下流社会

下流社会(新たな階層集団の出現)』三浦展光文社新書2005年)を読んだ。この本、今年下半期の話題の書になるかもしれない。「さおだけ屋…」を超えるかもしれない。下流社会 新たな階層集団の出現 (光文社新書)
もはや中流ではなく、下流化している若い世代の価値観、生活、消費の実態を主にデータに基づいて分析している。読んでいて楽しい本とはいえないし、その主張には首をかしげるところも多々あるが、この階層化の問題を今、直視しておかないといけないと思う。
かといって、まじめで暗い話ばかりではない。著者は、以前一世を風靡したマーケティング雑誌「アクロス」の編集長をしていただけに、トレンドをつかむ臭覚には感心させられる。
冒頭に出てくる「下流度チェック」や、「女性の分裂」と題した消費者の類型化は、はてな?と思うところもあるが、面白さは感じるし、読者受けするツボの部分でもある。
若い女性たちを、職業志向か専業主婦志向かという軸と、上昇志向か現状志向かという軸から類型化している。

①お嬢系:裕福な家の専業主婦になることは今でも大きな魅力であり続けている。近年注目されている「名古屋嬢」などもこの分類に入る。
②ミリオネーゼ系:ミリオネーゼとはキャリアウーマンのこと。高学歴、高職歴、高所得の女性たちである。夫も高所得であることが多い。
かまやつ女系:学歴的には専門学校が多く、アーチスト系「手に職志向」の女性たちのこと。
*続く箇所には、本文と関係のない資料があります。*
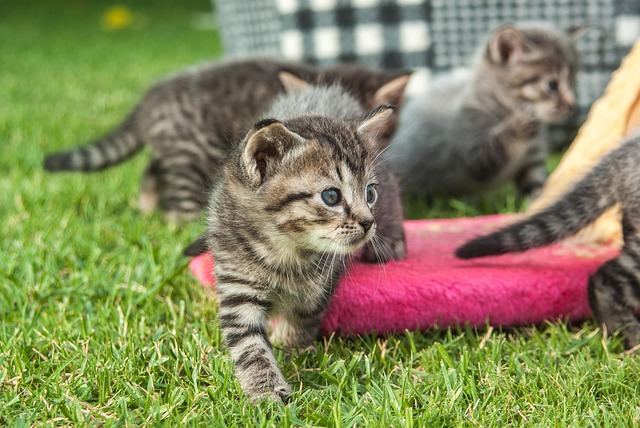 Free Cat Pet photo and picture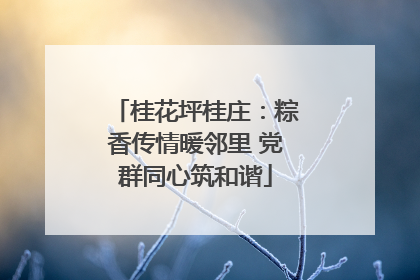 桂花坪桂庄：粽香传情暖邻里 党群同心筑和谐
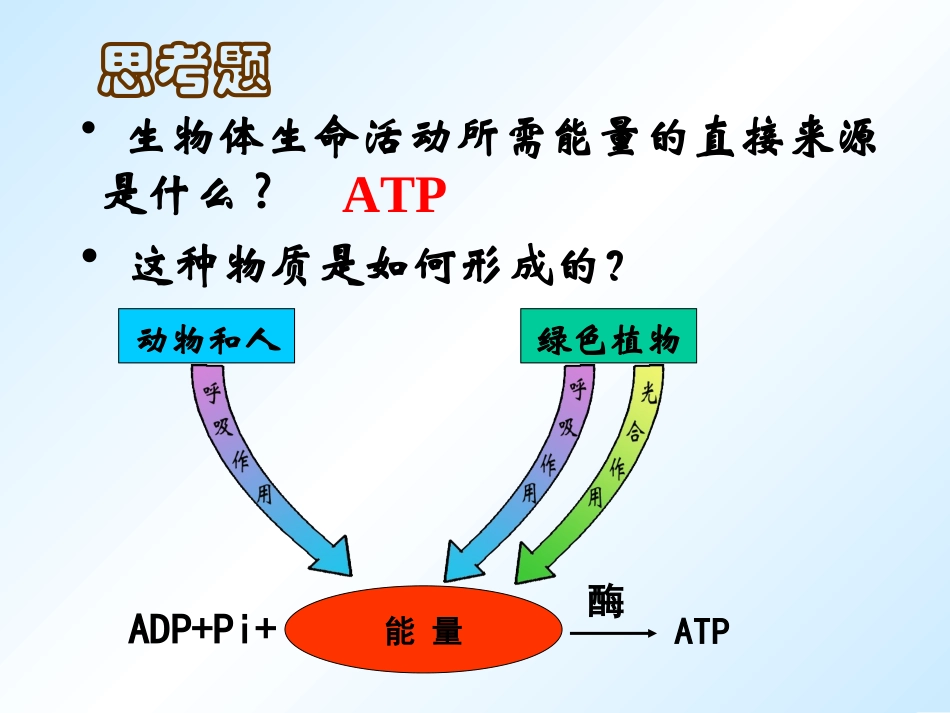 人教版必修1第5章第3节ATP的主要来源——细胞呼吸（共41张PPT）_第2页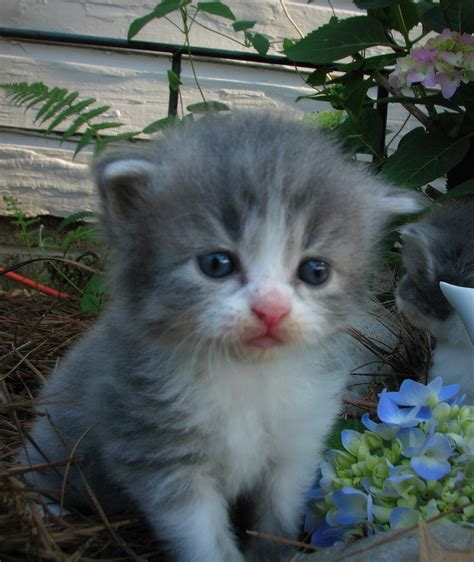 Pandoras Persians Kittens Now Three Weeks Old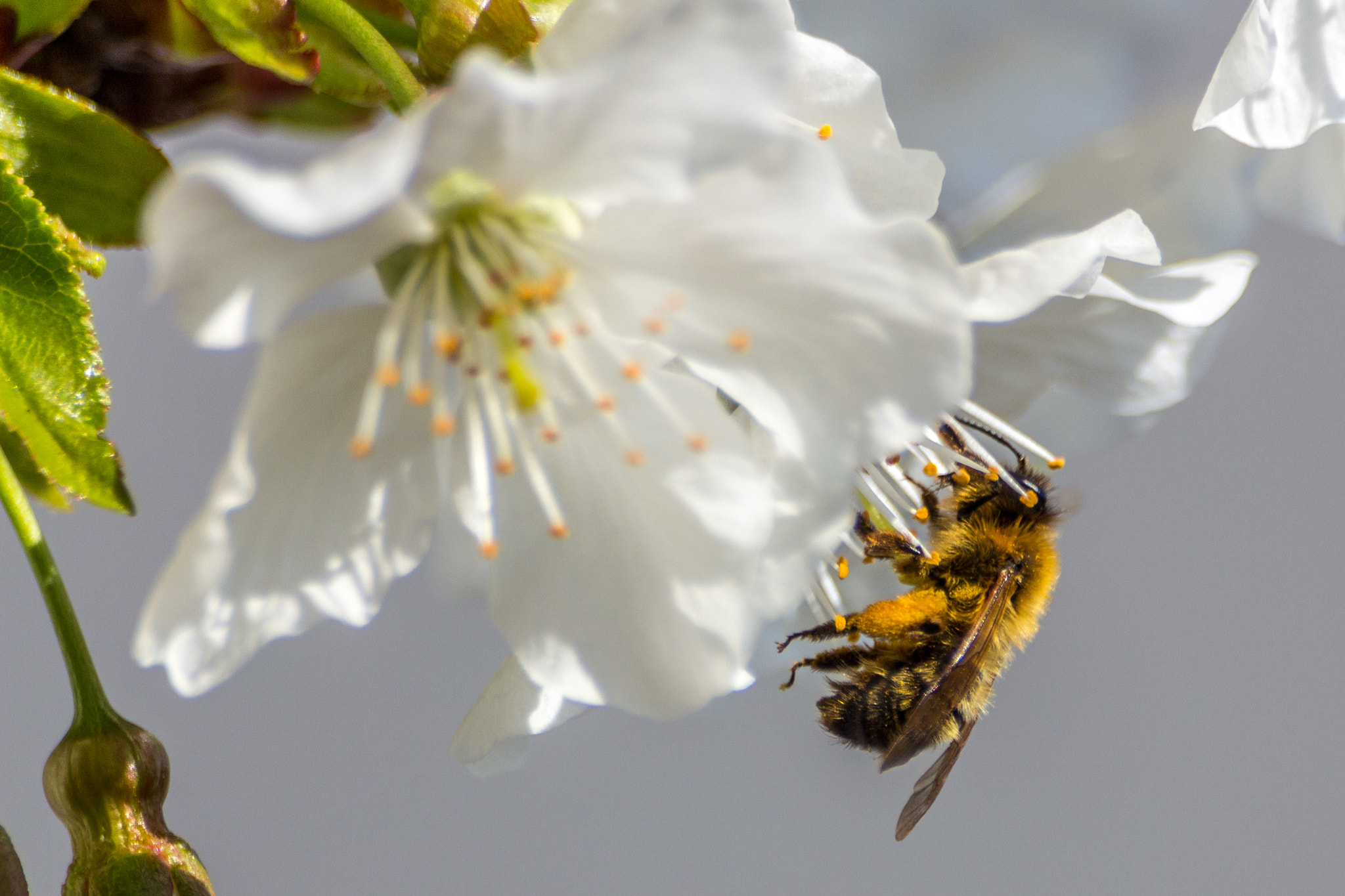 Sigma 70-300mm F4-5.6 APO DG Macro sample photo. Bee at work photography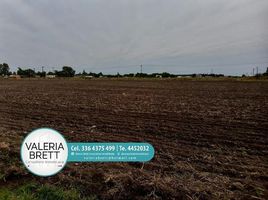  Land for sale in San Nicolas, Buenos Aires, San Nicolas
美容師や菓子職人、ペットトリマーなどをめざす。彼女たちのファッションの特徴から「かまやつ女系」という名がついた。現実には一人前の職業人になる前に挫折してフリーターになるケースも多い。
④ギャル系:渋谷などでよく見かけられ、そのけばけばしい外見とは裏腹に、専業主婦志向が強い。郊外に多く在住。
⑤普通のOL系:もっとも人口の多い層。専業主婦志向ではあるが、裕福な男性の争奪戦に敗れ、だからといってミリオネーゼのように仕事に生きがいを見出す意欲も能力も不足している。もちろんギャルになるにはそこそこ知性も学歴も高く、美容師やアーチストになるほどの美的センスや自己表現欲求はない。

こうして並べられると何やら新しい分類のようにも思えるが、こうしたジャンルはかなり以前から存在していたともいえる。
ちなみに、著者によれば「今、東京でいちばん美人が多い街は、銀座でも青山でもなく、まして渋谷でもない。それは日本橋二子玉川だ」という。ウケ狙いでいう話と著者自らも言っているので、その点は割り引いて考えないといけないが。日本橋には金融系企業で働くミリオネーゼ系が多いというのが著者の主張である。
先週末、久しぶりに日本橋に行く機会があった。三井不動産が高層ビルの日本橋三井タワーを完成させ、今年の12月からマンダリン・オリエンタル・ホテルもオープンするらしい。私には、以前と変わらぬ「おじさんの街」としか感じなかった。ホテルができれば、多少は雰囲気が変わるかもしれない。
ということで、この本は突っ込みどころが多く、時代をうまく捉えているようで、けっこうはずしているのではと思ったりもするのだが、時機を得た出版だし、「さおだけ屋…」やら「名門高校人脈」やらをヒットさせた光文社新書だから、年末に向けて大きな話題になる予感がする。